29. Keputusan Berat
Kelang seminggu, persis hari Rabu berikutnya, atas saran dr. Agustina, yang langsung diiyakan oleh Hesty, oleh pihak menejemen Edo diperbolehkan pulang. Beban biaya pengobatan dan perawatan yang sudah sangat membengkak. Dokter Agustina yang bersimpati kuat terhadap Hesty, tahu persis dengan kondisi kliennya itu. Akan tetapi Edo masih diharuskan tetap melakukan kontrol medis dua kali dalam sebulan.
Edo berobat jalan menurut anjuran dokter selama paling tidak enam bulan. Selama itu pula ia tidak diperbolehkan melakukan akfifitas apa pun, Edo harus total beristirahat. Penyakit gangguan paru-parunya, yang disebabkan oleh berbagai senyawa kimia, sudah sangat kronis, akibat dari masa lalunya yang berat penuh kelam, dan diperparah oleh kebiasaan mengosumsi alkohol beberapa bulan terakhir ini, terseret oleh gaya hidup mantan kekasihnya, Mery.

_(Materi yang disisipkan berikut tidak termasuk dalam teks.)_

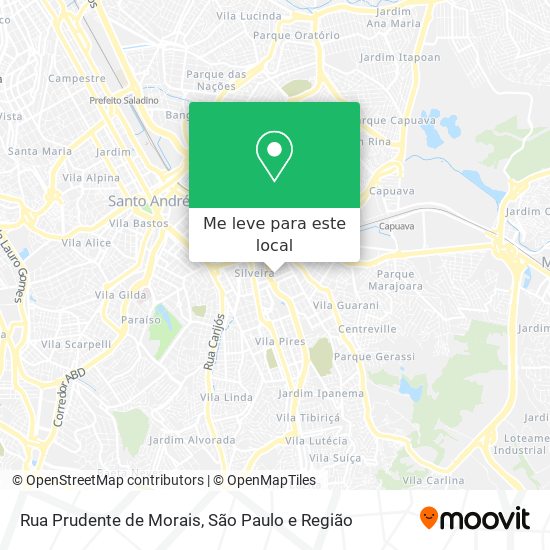 Rua Prudente de Morais mapa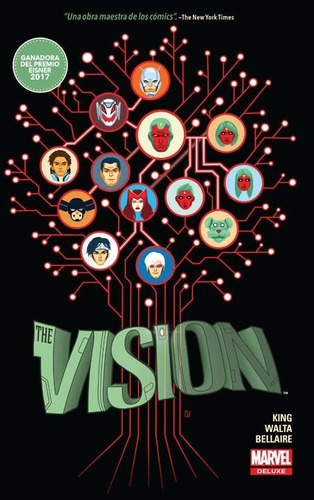 Vision Portada 1 Marvel Deluxe Pasta Dura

Dalam perjalanan pulang dari rumah sakit itu, dalam sebuah mobil carteran, perasaan Hesty kembali berkecamuk. Edo yang duduk di sampingnya, tenang-tenang saja, tidak tahu apa yang ada dalam benak istrinya. Hesty memang menyembunyikan beban beratnya ini, mengingat kondisi suaminya yang membutuhkan ketenangan.
Tanpa ia sadari, rupanya Edo menangkap isyarat dari sikap-tindak, dan gelagatnya. Keresahan hati Hesty dapat ditangkap oleh Edo, meskipun mereka dalam sebuah mobil, yang tengah berada dalam kemacetan dan kesemerawutan yang luar biasa. Mereka seolah sangat menikmati suasana khas ibukota itu.
Jumlah kendaraan bertambah terus setiap harinya, tidak diimbangi dengan bertambahnya sarana jalan raya. Ibukota dalam kurun waktu puluhan tahun ke depan akan semakin semerawut, jika pembangunannya hanya untuk peningkatan pertumbuhan ekonomi semata. Tanpa memedulikan aspek kemanusiaan dan sosial-kultural. Pertumbuhan ekonomi naik, tapi tingkat kesejahteraan rakyat kecil sama macetnya dengan lalu-lalang kendaraan, begitu terlintas dalam benak Hesty menyimak kesulitannya dalam pembiayaan suaminya ini.
“Ada apa, Hes!”
“Nggak Mas, nggak ada apa-apa.”
“Ratri . . . baik-baik saja kan?”
“Iyya Mas . . . baik-baik saja.”
Edo merasakan ada kejanggalan dari rithme suara Hesty. Tapi ia tidak mau memperpanjang pembicaraan, sebentar lagi mereka akan sampai di rumah. Toh, di rumah lebih leluasa membicarakan segala hal, pikirnya.